A small pile of sawdust over heartwood rings. Cropped the original by Horia Varlan on flickr.

You probably know that there’s a problem with petrol. It’s made from crude oil dug out of the ground, and at some point in the future, supplies will run out. So researchers are busy looking at ways to make petrol cheaply from other sources that won’t run out.

Now researchers in the Netherlands have used sawdust to make chemicals similar to petrol.  Petrol is made up of hydrocarbon chains – that’s long molecules of chains of carbon atoms with hydrogen atoms joined on at the side. They can be added to petrol or used to make plastics.

The researchers realised that cellulose – found in all non-edible plant parts of wood, straw, grass, cotton and old paper – contains carbon chains.
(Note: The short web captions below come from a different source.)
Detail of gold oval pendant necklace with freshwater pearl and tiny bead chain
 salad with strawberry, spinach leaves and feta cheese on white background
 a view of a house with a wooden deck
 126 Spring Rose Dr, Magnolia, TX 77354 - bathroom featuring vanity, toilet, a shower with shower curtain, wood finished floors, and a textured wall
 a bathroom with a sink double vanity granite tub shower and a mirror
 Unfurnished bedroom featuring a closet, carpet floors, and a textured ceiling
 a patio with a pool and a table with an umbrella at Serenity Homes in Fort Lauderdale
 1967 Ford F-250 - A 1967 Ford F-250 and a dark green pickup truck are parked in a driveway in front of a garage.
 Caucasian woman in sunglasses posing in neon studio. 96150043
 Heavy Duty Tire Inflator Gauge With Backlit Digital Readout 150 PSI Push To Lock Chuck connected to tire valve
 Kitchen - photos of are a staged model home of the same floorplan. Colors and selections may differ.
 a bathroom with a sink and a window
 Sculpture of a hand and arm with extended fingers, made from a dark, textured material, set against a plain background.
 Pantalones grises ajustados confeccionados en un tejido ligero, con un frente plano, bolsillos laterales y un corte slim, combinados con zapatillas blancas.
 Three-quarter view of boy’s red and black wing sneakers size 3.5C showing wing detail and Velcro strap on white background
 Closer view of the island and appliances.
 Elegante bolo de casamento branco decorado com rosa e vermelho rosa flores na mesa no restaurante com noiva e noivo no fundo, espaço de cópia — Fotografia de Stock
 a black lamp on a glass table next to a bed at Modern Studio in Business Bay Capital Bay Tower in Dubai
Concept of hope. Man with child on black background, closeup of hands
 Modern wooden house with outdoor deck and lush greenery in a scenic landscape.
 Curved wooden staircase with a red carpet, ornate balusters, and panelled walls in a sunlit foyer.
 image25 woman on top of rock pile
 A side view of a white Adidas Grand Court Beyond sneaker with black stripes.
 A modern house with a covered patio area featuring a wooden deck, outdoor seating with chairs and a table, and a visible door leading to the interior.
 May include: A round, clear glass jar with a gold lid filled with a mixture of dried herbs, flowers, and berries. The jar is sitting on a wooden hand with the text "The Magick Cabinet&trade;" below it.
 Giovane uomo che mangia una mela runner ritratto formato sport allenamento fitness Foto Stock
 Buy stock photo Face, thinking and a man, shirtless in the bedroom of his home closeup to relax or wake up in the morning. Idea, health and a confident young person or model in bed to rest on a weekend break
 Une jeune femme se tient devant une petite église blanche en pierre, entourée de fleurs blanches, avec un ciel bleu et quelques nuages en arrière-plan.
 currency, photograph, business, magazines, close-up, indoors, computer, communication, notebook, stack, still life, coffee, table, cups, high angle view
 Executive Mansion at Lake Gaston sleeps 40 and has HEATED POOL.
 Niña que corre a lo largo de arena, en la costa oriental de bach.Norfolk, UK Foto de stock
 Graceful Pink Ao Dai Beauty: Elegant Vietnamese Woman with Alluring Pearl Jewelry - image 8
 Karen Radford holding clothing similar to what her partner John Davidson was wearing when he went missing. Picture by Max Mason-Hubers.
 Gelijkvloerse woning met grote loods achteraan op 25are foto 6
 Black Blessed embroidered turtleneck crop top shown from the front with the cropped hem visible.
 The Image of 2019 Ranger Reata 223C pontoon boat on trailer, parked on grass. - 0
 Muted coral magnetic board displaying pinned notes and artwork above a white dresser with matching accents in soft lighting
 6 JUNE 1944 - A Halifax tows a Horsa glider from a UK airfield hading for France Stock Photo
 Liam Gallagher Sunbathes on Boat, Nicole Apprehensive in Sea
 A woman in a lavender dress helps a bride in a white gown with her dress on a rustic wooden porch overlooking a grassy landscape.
My colleague Beau Op de Beeck developed a new method to derive these hydrocarbon chains from cellulose,” explains Professor Bert Sels of the Catholic University of Leuven.

“We have also built a chemical reactor in our lab: we feed sawdust collected from a sawmill into the reactor and add a catalyst – a substance that sets off and speeds the chemical reaction. With the right temperature and pressure, it takes about half a day to convert the cellulose in the wood shavings into saturated hydrocarbon chains, or alkanes,” says another of the researchers, Bert Lagrain. (Alkanes are hydrocarbon chains with as many hydrogen atoms as possible attached to each carbon atom in the chain.)

The product isn’t yet petrol (that requires another simple step) but even without that step it can be added to petrol to reduce the amount of standard petrol needed to fuel a car. (Alcohol is added to petrol in some countries, such as France and Sweden, to do the same thing.)

The product can also be used to produce ethylene, propylene and benzene (all alkenes – hydrocarbons with fewer hydrogen atoms than alkanes). These are used to make plastic, rubber, insulation foam, nylon, and so on.

Professor Sels says another great advantage of using cellulose is that it grows everywhere. Farmers won’t have to choose between growing food or cellulose because all plants grown for food also produce cellulose in their non-edible parts.